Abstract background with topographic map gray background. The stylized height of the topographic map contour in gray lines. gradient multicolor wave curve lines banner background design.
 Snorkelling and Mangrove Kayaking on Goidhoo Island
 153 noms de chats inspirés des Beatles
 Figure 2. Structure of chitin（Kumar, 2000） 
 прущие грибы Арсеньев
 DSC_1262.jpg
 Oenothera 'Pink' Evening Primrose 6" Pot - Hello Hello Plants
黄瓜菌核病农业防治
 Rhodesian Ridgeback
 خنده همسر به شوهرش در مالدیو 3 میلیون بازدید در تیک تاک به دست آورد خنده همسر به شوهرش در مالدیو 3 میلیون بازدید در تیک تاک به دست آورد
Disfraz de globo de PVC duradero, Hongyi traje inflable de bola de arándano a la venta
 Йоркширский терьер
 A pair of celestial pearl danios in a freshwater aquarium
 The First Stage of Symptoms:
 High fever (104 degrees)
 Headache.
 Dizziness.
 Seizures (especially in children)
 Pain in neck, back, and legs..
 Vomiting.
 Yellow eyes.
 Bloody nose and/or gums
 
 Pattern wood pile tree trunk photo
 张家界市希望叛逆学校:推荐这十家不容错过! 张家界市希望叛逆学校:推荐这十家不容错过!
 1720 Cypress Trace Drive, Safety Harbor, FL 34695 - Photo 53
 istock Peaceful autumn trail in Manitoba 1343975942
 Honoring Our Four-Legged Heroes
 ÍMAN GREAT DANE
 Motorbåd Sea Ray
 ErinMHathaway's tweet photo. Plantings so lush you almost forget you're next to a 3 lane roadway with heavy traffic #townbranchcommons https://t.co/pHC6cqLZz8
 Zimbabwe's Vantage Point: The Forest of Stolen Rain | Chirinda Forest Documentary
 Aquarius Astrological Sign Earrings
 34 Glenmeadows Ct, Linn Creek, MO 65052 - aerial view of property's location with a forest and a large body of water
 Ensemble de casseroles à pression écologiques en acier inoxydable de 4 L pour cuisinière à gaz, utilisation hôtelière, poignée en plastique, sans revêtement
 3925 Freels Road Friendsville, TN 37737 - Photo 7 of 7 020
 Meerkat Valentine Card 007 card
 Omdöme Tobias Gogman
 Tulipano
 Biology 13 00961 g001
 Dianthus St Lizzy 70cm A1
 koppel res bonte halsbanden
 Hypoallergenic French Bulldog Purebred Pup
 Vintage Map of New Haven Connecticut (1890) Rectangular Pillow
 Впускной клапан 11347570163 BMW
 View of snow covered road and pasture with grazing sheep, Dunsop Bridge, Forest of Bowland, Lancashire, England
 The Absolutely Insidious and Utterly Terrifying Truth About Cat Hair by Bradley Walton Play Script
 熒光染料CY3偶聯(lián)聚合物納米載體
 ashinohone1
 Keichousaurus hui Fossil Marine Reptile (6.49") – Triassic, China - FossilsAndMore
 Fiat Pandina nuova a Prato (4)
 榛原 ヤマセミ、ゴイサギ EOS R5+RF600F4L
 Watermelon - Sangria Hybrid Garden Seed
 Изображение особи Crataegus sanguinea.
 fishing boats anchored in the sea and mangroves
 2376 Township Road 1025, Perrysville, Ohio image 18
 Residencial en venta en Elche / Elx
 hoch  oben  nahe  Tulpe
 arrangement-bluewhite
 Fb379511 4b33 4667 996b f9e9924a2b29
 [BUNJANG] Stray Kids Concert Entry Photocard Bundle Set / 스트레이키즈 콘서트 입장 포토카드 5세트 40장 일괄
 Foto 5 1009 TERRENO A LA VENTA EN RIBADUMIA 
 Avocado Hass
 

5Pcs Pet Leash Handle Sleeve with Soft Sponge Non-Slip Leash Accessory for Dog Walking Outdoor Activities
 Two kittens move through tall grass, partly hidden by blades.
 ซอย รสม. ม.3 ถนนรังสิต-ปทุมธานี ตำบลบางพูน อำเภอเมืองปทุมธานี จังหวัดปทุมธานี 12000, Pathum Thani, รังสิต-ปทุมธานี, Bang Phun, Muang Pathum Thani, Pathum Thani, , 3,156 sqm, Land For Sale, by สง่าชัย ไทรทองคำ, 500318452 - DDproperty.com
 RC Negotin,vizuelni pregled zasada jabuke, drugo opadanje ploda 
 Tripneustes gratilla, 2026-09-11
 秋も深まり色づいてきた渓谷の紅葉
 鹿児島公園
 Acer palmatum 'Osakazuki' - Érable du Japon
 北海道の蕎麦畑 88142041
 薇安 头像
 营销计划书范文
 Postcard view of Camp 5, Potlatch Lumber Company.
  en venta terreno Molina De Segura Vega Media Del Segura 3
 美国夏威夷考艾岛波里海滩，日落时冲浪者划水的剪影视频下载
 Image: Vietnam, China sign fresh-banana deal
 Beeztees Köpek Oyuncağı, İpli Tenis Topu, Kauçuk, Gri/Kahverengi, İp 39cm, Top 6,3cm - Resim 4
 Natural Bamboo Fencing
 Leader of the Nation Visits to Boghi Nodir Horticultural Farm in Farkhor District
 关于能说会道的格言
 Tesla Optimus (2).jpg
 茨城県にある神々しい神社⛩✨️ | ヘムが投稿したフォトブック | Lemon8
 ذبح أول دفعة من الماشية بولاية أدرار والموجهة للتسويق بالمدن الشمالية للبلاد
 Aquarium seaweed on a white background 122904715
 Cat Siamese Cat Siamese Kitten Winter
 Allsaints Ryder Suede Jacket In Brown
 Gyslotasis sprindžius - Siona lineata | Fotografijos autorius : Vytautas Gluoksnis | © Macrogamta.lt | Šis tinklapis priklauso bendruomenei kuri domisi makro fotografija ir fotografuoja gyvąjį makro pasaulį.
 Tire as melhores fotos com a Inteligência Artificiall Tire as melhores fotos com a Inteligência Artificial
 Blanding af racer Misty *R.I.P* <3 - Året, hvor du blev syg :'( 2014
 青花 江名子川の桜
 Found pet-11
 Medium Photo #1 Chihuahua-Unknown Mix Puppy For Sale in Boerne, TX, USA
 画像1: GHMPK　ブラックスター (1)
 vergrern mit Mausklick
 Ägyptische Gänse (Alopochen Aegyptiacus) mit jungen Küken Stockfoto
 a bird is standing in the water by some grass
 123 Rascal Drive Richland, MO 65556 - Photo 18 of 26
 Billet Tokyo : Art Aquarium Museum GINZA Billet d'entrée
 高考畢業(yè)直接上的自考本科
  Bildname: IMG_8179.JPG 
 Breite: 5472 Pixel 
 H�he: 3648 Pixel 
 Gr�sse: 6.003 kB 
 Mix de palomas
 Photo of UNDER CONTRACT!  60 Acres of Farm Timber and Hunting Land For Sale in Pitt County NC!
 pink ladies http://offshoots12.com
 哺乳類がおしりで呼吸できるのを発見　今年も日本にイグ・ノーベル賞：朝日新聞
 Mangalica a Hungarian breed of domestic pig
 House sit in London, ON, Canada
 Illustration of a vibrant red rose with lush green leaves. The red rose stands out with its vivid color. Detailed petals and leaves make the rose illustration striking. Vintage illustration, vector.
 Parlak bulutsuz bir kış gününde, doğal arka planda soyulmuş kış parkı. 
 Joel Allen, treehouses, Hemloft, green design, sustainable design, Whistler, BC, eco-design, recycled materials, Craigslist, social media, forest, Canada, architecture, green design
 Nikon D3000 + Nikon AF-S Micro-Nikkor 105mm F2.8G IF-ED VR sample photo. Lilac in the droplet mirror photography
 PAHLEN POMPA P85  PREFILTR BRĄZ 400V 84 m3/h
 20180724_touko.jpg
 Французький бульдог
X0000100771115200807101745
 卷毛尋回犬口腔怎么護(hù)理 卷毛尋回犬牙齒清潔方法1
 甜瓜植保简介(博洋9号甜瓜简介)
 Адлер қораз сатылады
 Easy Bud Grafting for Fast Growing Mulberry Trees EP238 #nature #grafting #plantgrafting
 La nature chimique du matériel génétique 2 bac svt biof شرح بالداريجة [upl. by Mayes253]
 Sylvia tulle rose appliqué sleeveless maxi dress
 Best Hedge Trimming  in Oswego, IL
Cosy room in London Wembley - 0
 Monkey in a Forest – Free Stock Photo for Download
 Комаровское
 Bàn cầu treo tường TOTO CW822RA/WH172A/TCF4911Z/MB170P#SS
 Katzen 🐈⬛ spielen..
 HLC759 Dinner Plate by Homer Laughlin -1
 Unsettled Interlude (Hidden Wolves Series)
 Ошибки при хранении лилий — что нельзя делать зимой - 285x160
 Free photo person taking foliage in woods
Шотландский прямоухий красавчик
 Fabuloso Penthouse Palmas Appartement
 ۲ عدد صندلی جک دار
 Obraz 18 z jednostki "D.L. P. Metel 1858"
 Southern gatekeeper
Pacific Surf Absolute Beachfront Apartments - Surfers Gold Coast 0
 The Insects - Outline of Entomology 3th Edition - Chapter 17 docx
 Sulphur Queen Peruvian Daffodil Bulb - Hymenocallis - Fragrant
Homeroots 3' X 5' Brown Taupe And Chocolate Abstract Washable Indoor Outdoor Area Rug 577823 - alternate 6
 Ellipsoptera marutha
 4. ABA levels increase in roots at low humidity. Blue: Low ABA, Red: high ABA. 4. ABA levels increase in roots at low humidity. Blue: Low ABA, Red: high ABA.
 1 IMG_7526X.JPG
________
Task to carry out: Return the span of lines in the data above that opens at the line with "张家界市希望叛逆学校:推荐这十家不容错过! 张家界市希望" and closes at the line with "Motorbåd Sea Ray", exactly, ends included, nothing else.

Solution to the problem:
 张家界市希望叛逆学校:推荐这十家不容错过! 张家界市希望叛逆学校:推荐这十家不容错过!
 1720 Cypress Trace Drive, Safety Harbor, FL 34695 - Photo 53
 istock Peaceful autumn trail in Manitoba 1343975942
 Honoring Our Four-Legged Heroes
 ÍMAN GREAT DANE
 Motorbåd Sea Ray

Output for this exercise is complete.